Elle se couvrit le visage dans un geste de honte et continua de parler entre ses doigts, la voix étouffée :

— Nous sommes entrées dans son bureau pour voir si nous pouvions aider le professeur Flitwick et nous l’avons trouvé étendu par terre, inconscient… et… oh, c’est tellement évident, maintenant. Rogue a dû stupéfixer Flitwick, mais on ne s’en est pas rendu compte, Harry, on ne s’en est pas rendu compte, on a simplement laissé filer Rogue !

— Ce n’est pas votre faute, assura Lupin. Hermione, si vous n’aviez pas obéi à Rogue, si vous vous étiez mises en travers de son chemin, il vous aurait sans doute tuées, vous et Luna.

— Il est donc monté dans les étages, dit Harry – qui voyait clairement dans sa tête Rogue grimper quatre à quatre l’escalier de marbre, sa robe noire voltigeant derrière lui, tirant sa baguette de sous sa cape –, et il a très vite découvert l’endroit où se déroulait le combat…

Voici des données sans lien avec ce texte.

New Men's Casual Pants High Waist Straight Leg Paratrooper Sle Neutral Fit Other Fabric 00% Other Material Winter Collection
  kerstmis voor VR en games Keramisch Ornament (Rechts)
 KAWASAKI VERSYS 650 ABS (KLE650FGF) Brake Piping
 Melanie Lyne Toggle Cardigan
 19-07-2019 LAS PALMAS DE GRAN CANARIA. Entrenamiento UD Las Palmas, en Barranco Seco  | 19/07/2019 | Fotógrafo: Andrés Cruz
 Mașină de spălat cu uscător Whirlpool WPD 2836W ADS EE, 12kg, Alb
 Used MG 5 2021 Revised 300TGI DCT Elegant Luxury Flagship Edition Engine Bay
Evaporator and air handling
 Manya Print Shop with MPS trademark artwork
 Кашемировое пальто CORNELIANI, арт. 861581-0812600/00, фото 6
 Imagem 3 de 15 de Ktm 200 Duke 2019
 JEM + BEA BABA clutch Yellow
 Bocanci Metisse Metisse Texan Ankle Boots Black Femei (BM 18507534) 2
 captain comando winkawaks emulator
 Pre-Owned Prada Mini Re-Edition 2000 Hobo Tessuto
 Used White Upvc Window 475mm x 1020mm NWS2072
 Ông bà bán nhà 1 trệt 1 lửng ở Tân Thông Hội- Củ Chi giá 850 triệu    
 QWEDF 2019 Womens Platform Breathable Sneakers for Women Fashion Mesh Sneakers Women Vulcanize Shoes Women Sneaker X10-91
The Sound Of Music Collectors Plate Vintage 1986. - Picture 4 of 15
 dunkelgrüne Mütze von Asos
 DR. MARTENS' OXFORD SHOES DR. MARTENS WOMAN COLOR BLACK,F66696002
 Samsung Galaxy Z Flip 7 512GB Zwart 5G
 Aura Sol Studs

— Nous avions des difficultés, nous étions en train de perdre, expliqua Tonks à voix basse. Gibbon avait été tué mais les autres Mangemorts semblaient prêts à livrer un combat sans merci. Neville avait été blessé, Bill sauvagement attaqué par Greyback… Il faisait noir… les maléfices volaient en tous sens… Le jeune Malefoy avait disparu, il avait dû réussir à se faufiler et à monter dans la tour… Puis d’autres ont couru à sa suite et l’un d’eux a bloqué derrière lui l’accès à l’escalier, avec je ne sais quel sortilège… Neville a foncé droit dedans et il s’est retrouvé projeté en l’air…

— Aucun de nous n’a pu passer, dit Ron, et pendant ce temps-là, cet énorme Mangemort jetait des maléfices de tous les côtés, ils ricochaient sur les murs et nous manquaient de justesse…

— Et puis Rogue est arrivé, poursuivit Tonks, et il a très vite disparu…

— Je l’ai vu courir vers nous, reprit Ginny, mais à ce moment-là, un des sortilèges du gigantesque Mangemort m’a ratée de peu, je me suis baissée et je n’ai plus suivi ce qui se passait.

— Il a foncé droit sur la barrière ensorcelée et l’a traversée comme si elle n’existait pas, raconta Lupin. J’ai essayé de le rattraper, mais j’ai été rejeté en arrière comme Neville…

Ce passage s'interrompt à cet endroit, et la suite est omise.